Pourquoi l’humanité met-elle à mort des animaux pour les manger ? Pourrait-elle s’en passer ? Comment et pourquoi ? La philosophe Florence Burgat réfléchit aux raisons de la violence faite aux animaux, guidée par le souci d’étendre leurs droits. Un bel entretien avec Florence Burgat, par Lorène Lavocat pour Reporterre le 2 février 2017.

Lire aussi L'avis des bêtes, Pour un secrétariat d'État à la condition animale, et    Le véganisme est-il un humanisme ?... et aussi De nouvelles préconisations nutritionnelles... Pas d'usine, on cuisine !

Florence Burgat : « L’institution de l’alimentation carnée reflète un désir très profond de l’humanité »

Florence Burgat est philosophe, directeur de recherche à l’Inra, détachée aux Archives Husserl de Paris (ENS-CNRS). Ses recherches portent sur les approches phénoménologiques de la vie animale ; la condition animale dans les sociétés industrielles : le droit animalier (épistémologie juridique) ; l’anthropologie de l’humanité carnivore, à laquelle elle consacre son nouveau livre, L’humanité carnivore (Seuil).

 

Reporterre - Comment en êtes-vous venue à vous intéresser à la cause animale ?

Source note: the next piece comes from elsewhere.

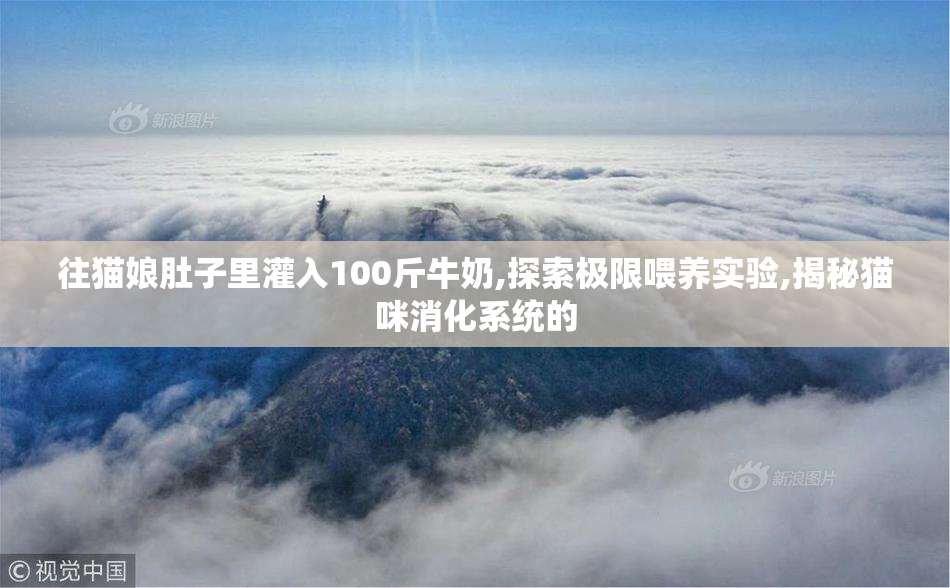 往猫娘肚子里灌入100斤牛奶,探索极限喂养实验,揭秘猫咪消化系统的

Florence Burgat - Ce sont des images d’abattage que j’ai vues par hasard dans un film portant sur tout autre chose. En quelques instants, la viande a pris à mes yeux un sens totalement différent et je me suis mise à associer à cette chair inerte la réalité de son processus d’engendrement. J’ai alors pris une décision réfléchie : si je ne voulais pas participer à ce que je venais de voir, il était impératif de cesser de manger les animaux. J’ai compris que la viande n’avait aucune autonomie, qu’elle était la chair équarrie d’un animal tué — de trois millions d’animaux tués chaque jour en France, dans ses abattoirs.

Par la suite, j’ai décidé de consacrer mon travail en philosophie à cette question. Ma première interrogation a été la suivante : comment expliquer qu’une société comme la nôtre, policée et tranquille, puisse comporter dans ses replis des lieux où l’on égorge des animaux pour les manger alors que les ressources alimentaires dont nous disposons nous en dispensent ? Comment expliquer que nous nous accommodons si bien de cette violence, que nous nous racontons qu’elle n’existe pas ? L’abattoir est une monstruosité au sens propre du terme, une anomalie, un vice, une difformité engendrée par l’humanité carnivore, un lieu où le mal se déploie et se répète en toute impunité.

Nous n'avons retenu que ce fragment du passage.